The recent International Union of Geological Sciences decision to reject the proposed “Anthropocene epoch” might seem confusing. Here’s a piece of draft material from my forthcoming book-in-progress, The New Lives of Images: Digital Ecologies and Anthropocene Imaginaries in More-than-Human Worlds, that attempts to bring the situation up to date. Comments welcome! Please note that the references to signs, signatures, and indexicality come from the book’s (processual-) semiotic approach to understanding images; if they seem abstruse, the first half of the book explains them clearly.

While it had some forerunners, the concept of the Anthropocene as a geological epoch was first proposed by atmospheric chemist Paul Crutzen and limnologist Eugene Stoermer in the year 2000. Within a few years, geologists were taking the concept as a serious proposal to mark a new epoch in the history of planet Earth, an epoch brought about by human activities.

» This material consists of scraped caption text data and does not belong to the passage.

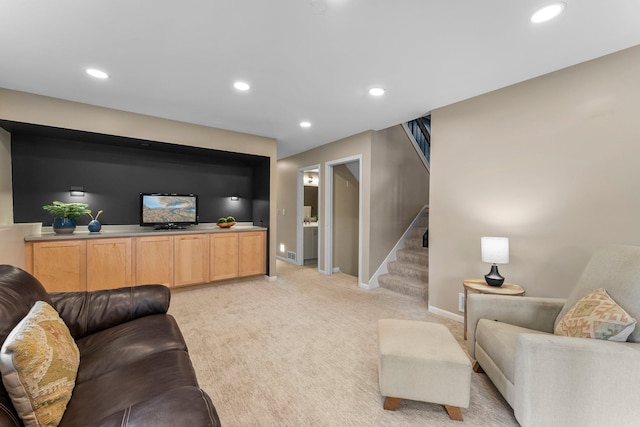 living room with recessed lighting, baseboards, light colored carpet, and stairs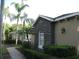 Beautiful home exterior with stone accents, manicured landscaping, and a brick pathway at 2108 Northumbria Dr, Sanford, FL 32771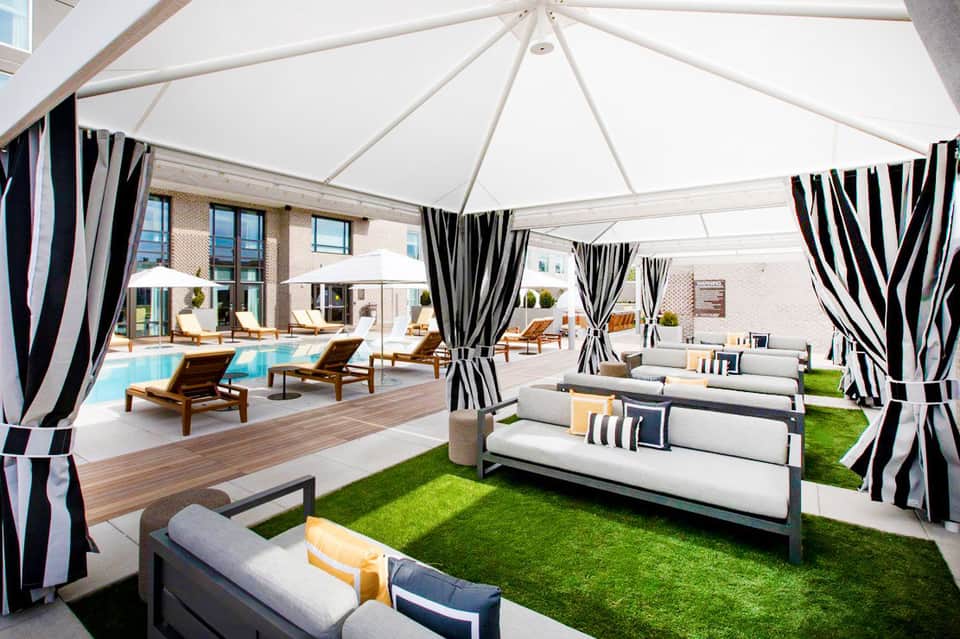Modern rooftop pool deck with striped cabanas, loungers, and white tent canopies overlooking a building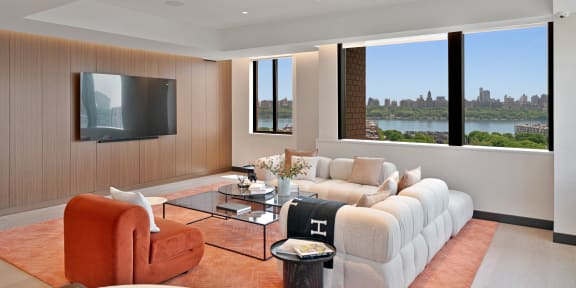 a cityscape with a river in the background and a large building in the foreground  at Riello Apartments Owner LLC, New Jersey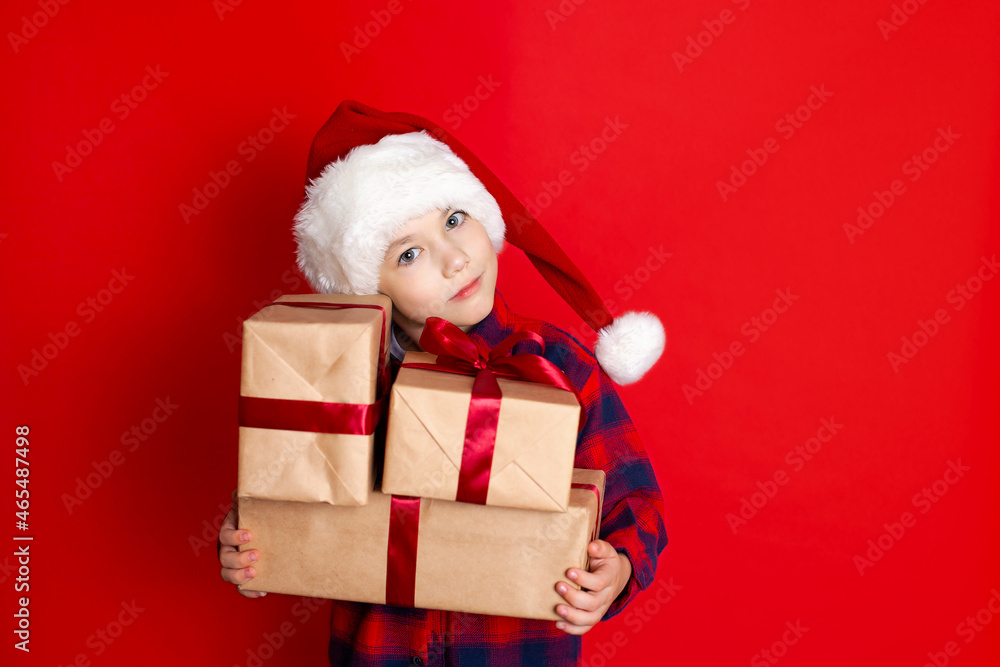 Happy holiday and Merry Christmas. Portrait of a boy in a cap with gifts in his hands on a red background. A place for text. Happy holiday and Merry Christmas. Portrait of a boy in a cap with gifts in his hands on a red background. A place for text.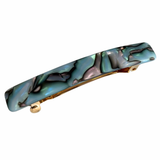 Marbled patterned hair clip on a white background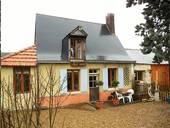 MAISON EN PARTIE RÉNOVÉE AVEC BEAUCOUP PLUS À DONNER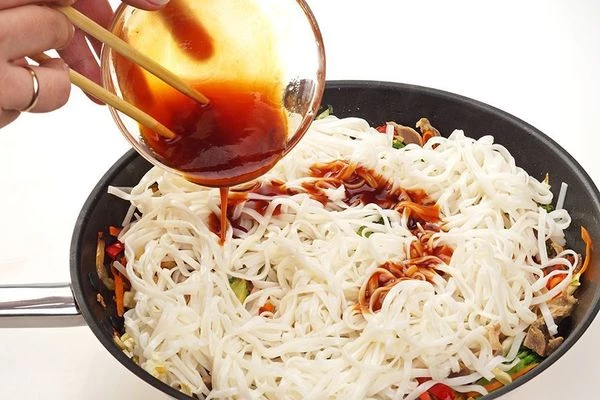 В конце добавить лапшу и смесь кисло-сладкого с соевым соусом. Для тех, кто любит остренькое, можно добавить 1/2 - 1ч.л соуса шрирача или пасты табаджан. Посолить, поперчить по вкусу. Аккуратно перемешать, прогреть лапшу и снять с огня.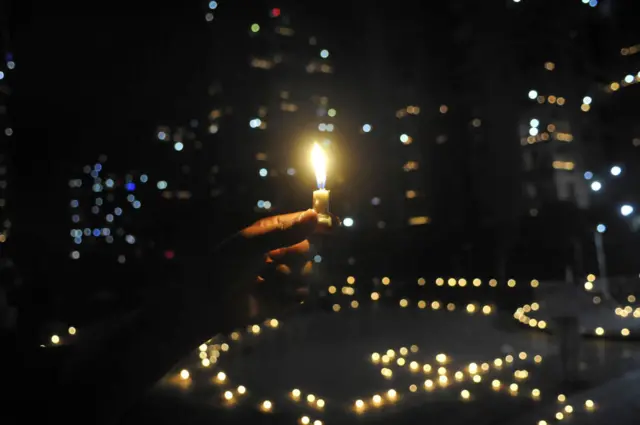 People's homes lit up with candles and earthen lamps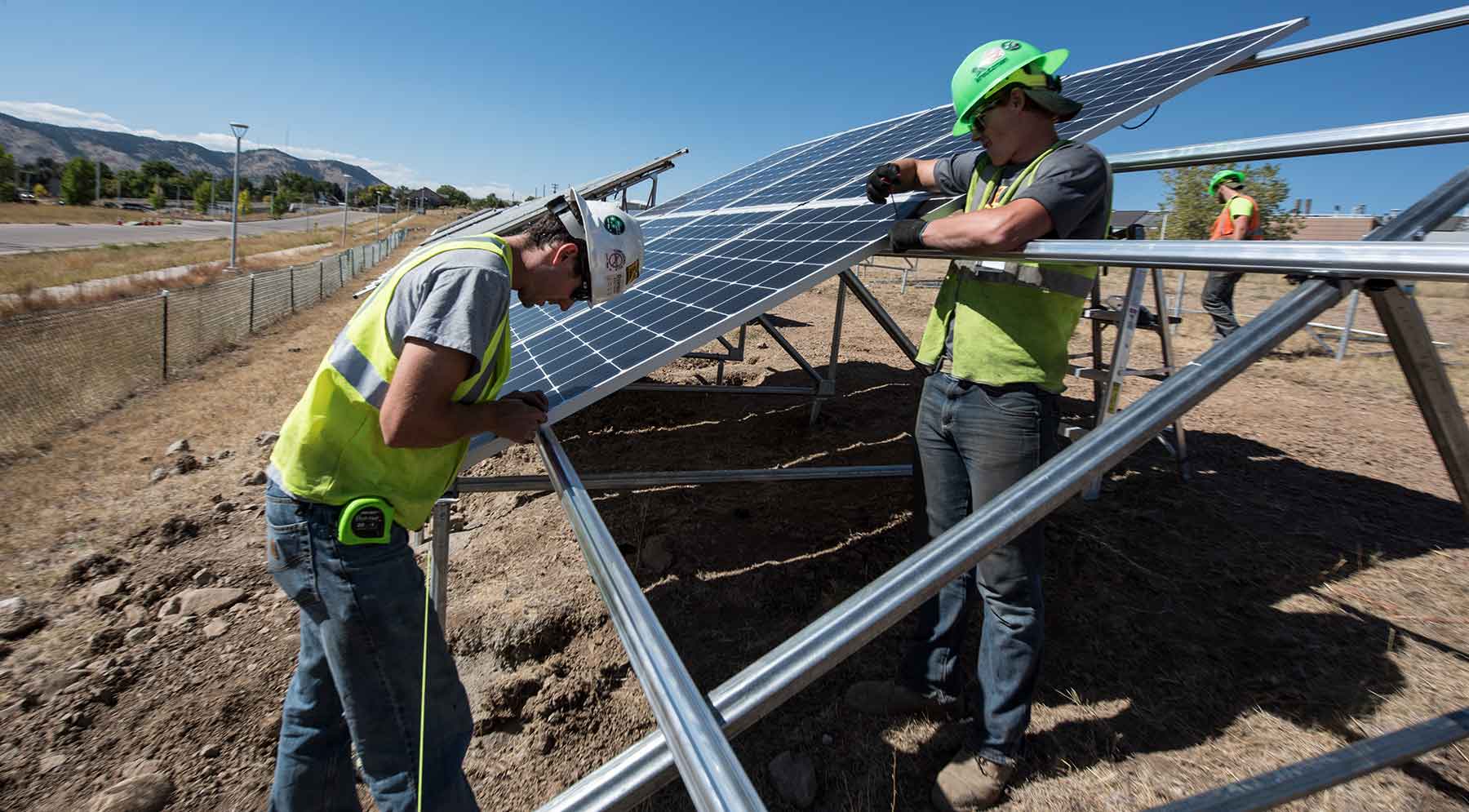 Workers install PV modules at NREL's new solar array field.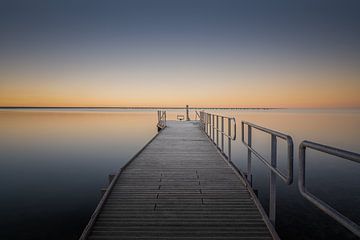Dive into the silent sunset from the jetty by Claire van Dun
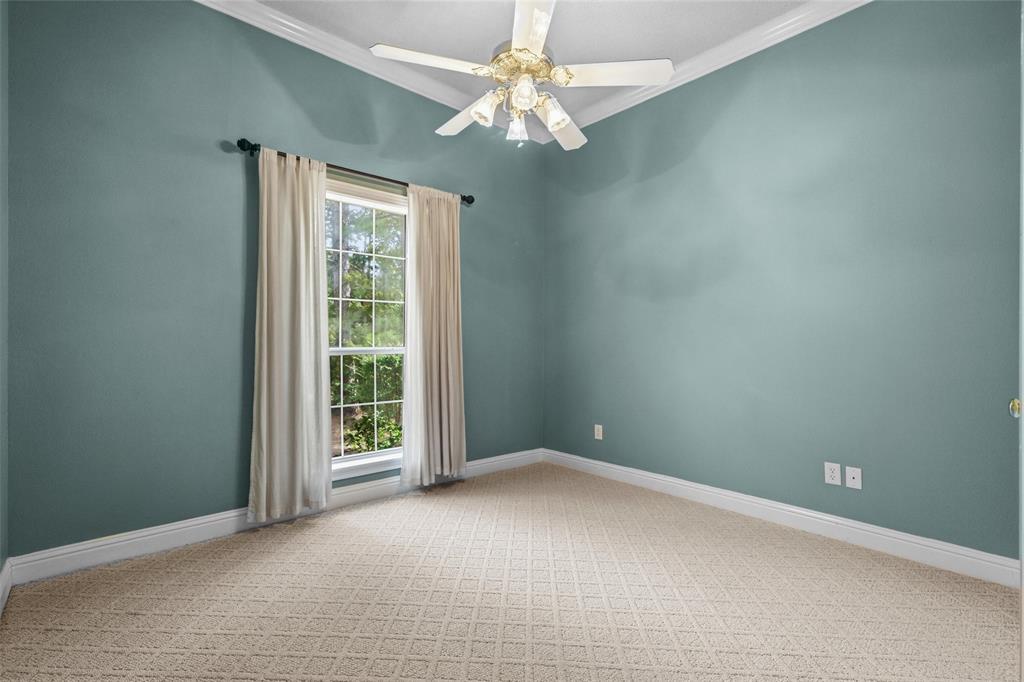 1304 Greenbriar Trail Holly Lake Ranch, TX 75765 - Photo 25 of 40 an empty room with a chandelier fan and windows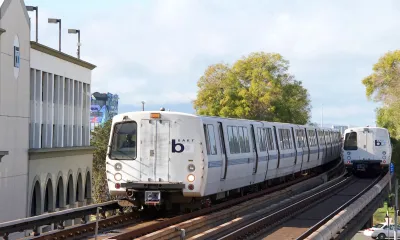 White BART trains passing each other on elevated track in Fruitvale, California.
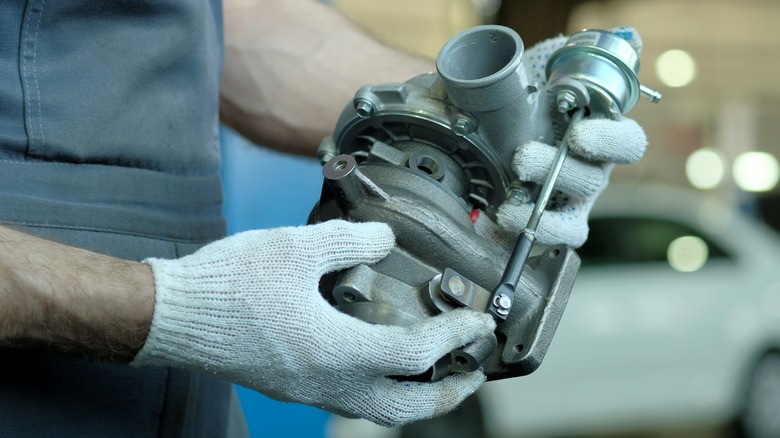 mechanic holding turbocharger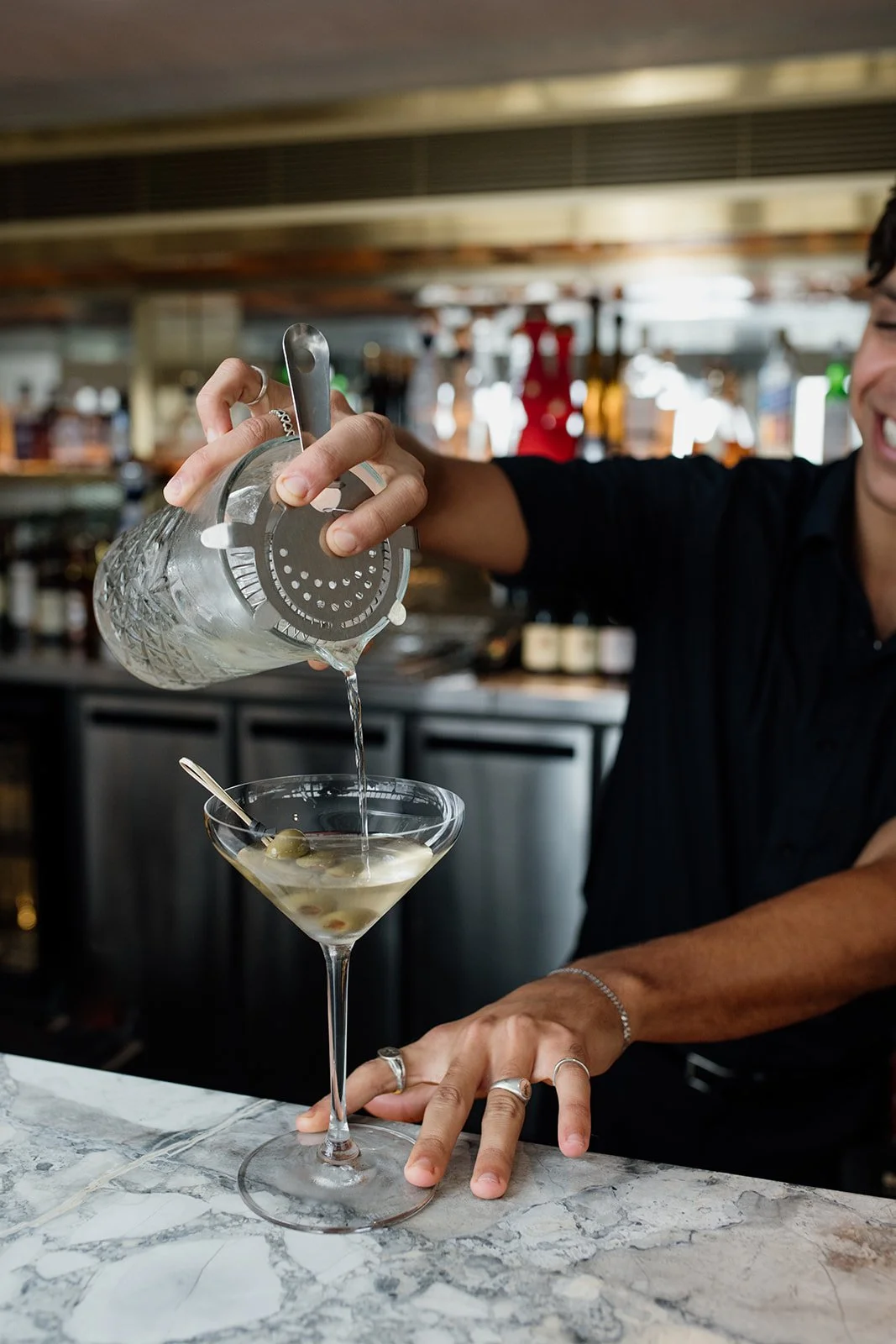 Gold Coast restaurant photographer captures bartender making a drink during Gold Coast restaurant photography shoot. 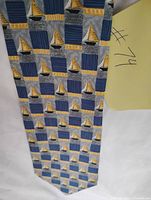 Full view of Dunhill tie displaying sailboat and stripe pattern
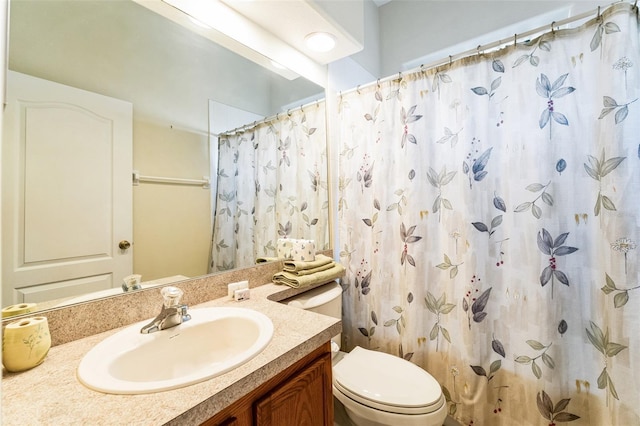 bathroom with toilet, vanity, and a shower with curtain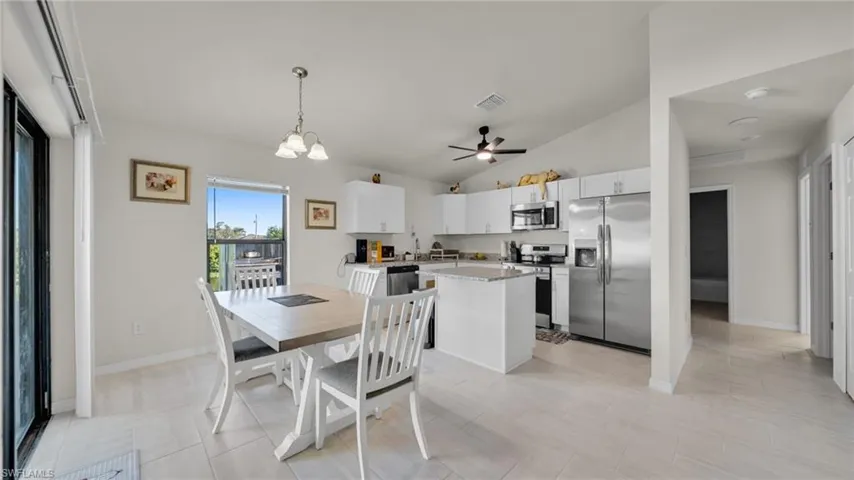 Dining room featuring lofted ceiling, a chandelier, and a ceiling fan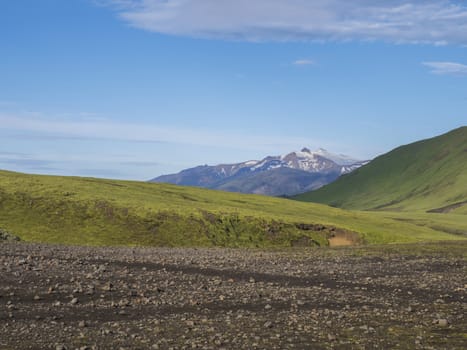 Volcanic landscape with snow-capped mountains of Tindfjallajokull glacier massif, green hills and lava gravel ground covered by lush moss. Fjallabak Nature Reserve in the Highlands of Iceland.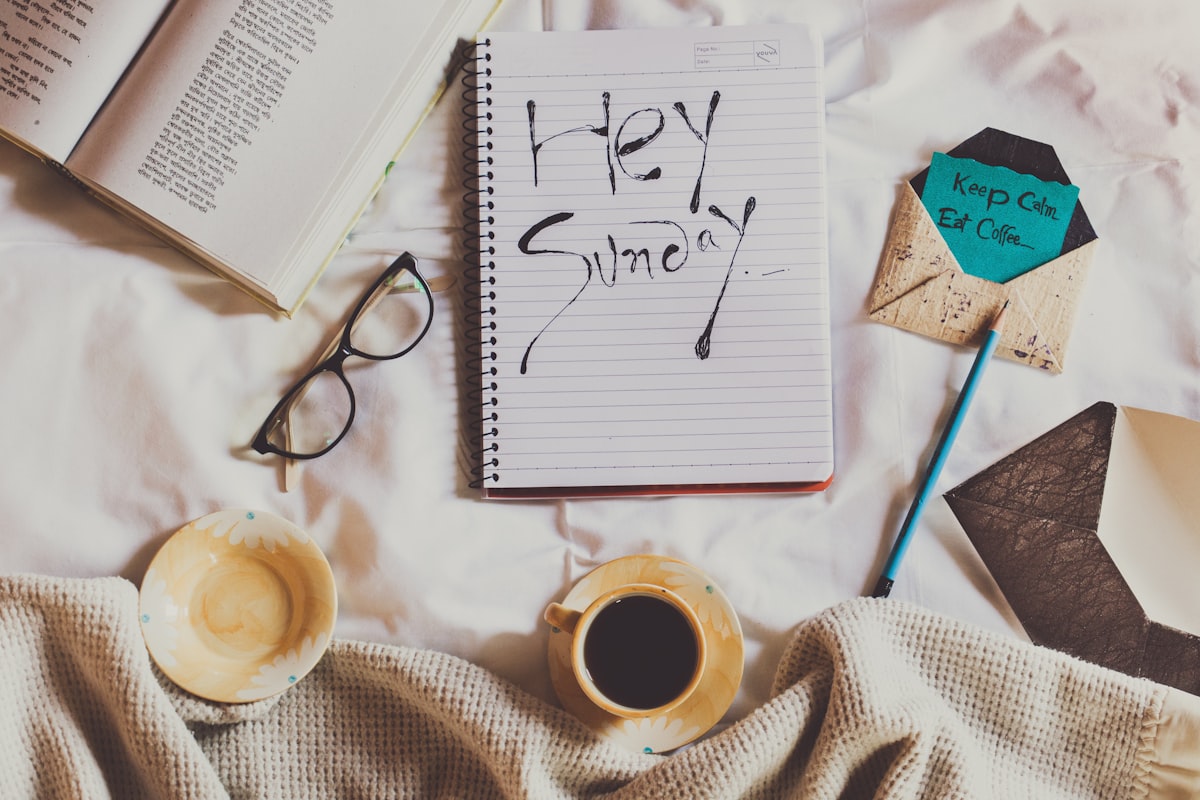 white ceramic mug on white notebook beside blue pen related to Unlocking the Secrets of the Bed-Stuy-Draco Neighborhood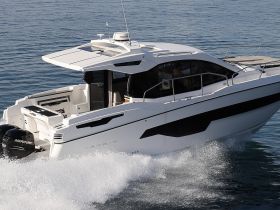 A sleek speedboat, the Karnic, glides through clear waters, showcasing its modern design and performance capabilities.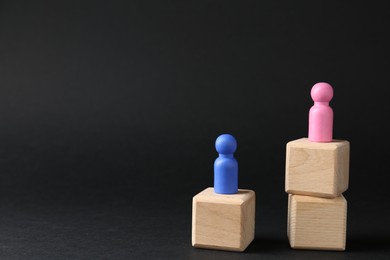 Photo of Competition concept. Human figures on wooden cubes against black background, space for text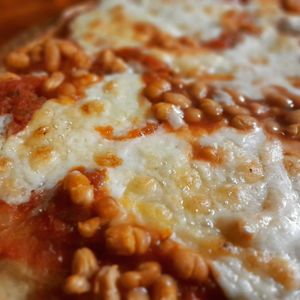 Cashew cheese and baked beans pizza 199.000 at Filthy Vegan in Ho Chi Minh City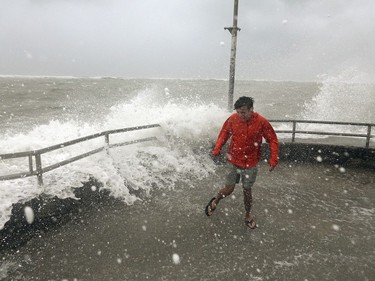 Brandon Ennis runs away from waves caused by Hurricane Dorian crashing over the jetty of the Jupiter inlet, Tuesday, in Jupiter, Fla.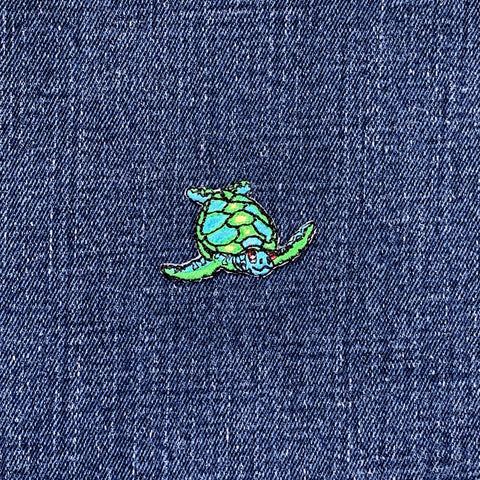 Colorful turtle patch on a denim fabric background
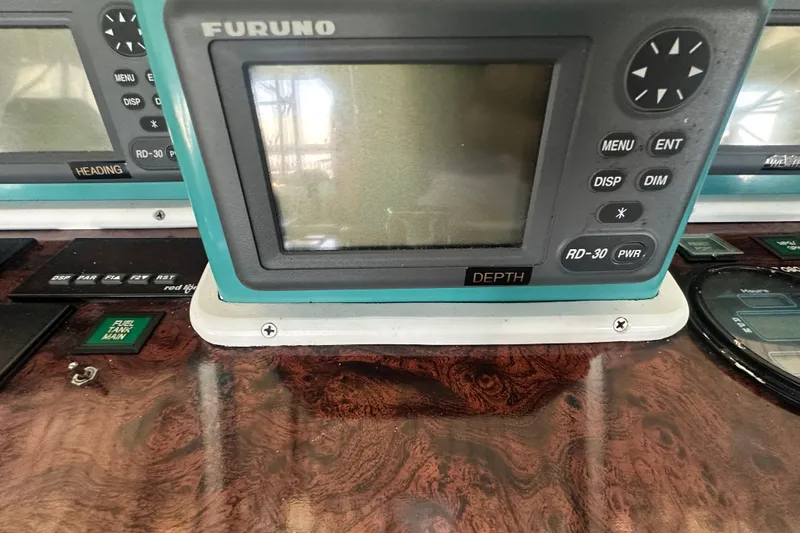 Slide: The Image of Furuno RD-30 depth display on 1972 Tollycraft 42 Tri-Cabin dashboard. - 21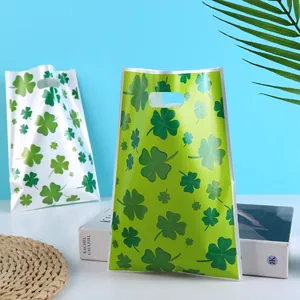 Durable St. Patrick's Day gift bags with green four-leaf clover pattern for party favors
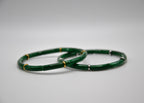 Deux bracelets en jade vert avec accents dorés et argentés sur fond blanc, bijoux élégants.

For geologists, an epoch is not just any time period; it is part of a nested set of delineations: from smallest to largest and most encompassing, these are known as ages, epochs, periods, eras, and eons. Each is a geochronological unit, that is, a unit of time as marked by Earth history (geology) and determined through the practice of chronostratigraphy, or the reading and writing (-graphy) of layers of rock (strata) marking time (chronos). The entirety is based on the long verified observation that the remnants of the earth’s surface lay themselves down in horizontal layers, with the more recent laid on top of the less recent. The smaller chronostratographic units denote smaller levels of change over time; these combine to make up the larger ones, which denote larger changes.
The geologic time scale provides a kind of chronostratigraphic “address” for anything in the geologic record. We who live today are said to find ourselves “in” the Holocene or—if it should come to be accepted—the Anthropocene epoch, which are respectively the second and potentially third epochs of the third period (Quaternary) of the third era (Cenozoic) of the fourth eon (Phanerozoic) since the formation of the Earth. The Holocene, which began about 11,700 years ago, is roughly the thirty-eighth epoch in Earth’s history.
To say that we are in it, however, or in the Anthropocene, is to presume that we, or someone, could step out of time and see ourselves inside it. We cannot: we are at the leading edge (one of an infinity of leading edges) of a set of dynamic processes that unfolds not with the flatness of a unrolling roll of paper, but with noticeable folds, twists, and lumps. Whether today’s present will one day appear smooth or lumpy, or even form a dramatic twist in the geochronological fabric, cannot possibly be known until that present has become past. It will take additional layering on top of it—further epochs or ages at the very least—to see what it will look like once it is lain down. Geology is, after all (at least in its stratigraphic form), a reading of the past in the rockscape of the present.* Its ability to read the present is constrained by the fact that the present is not yet past. Its layering can only be predicted or, perhaps, divined.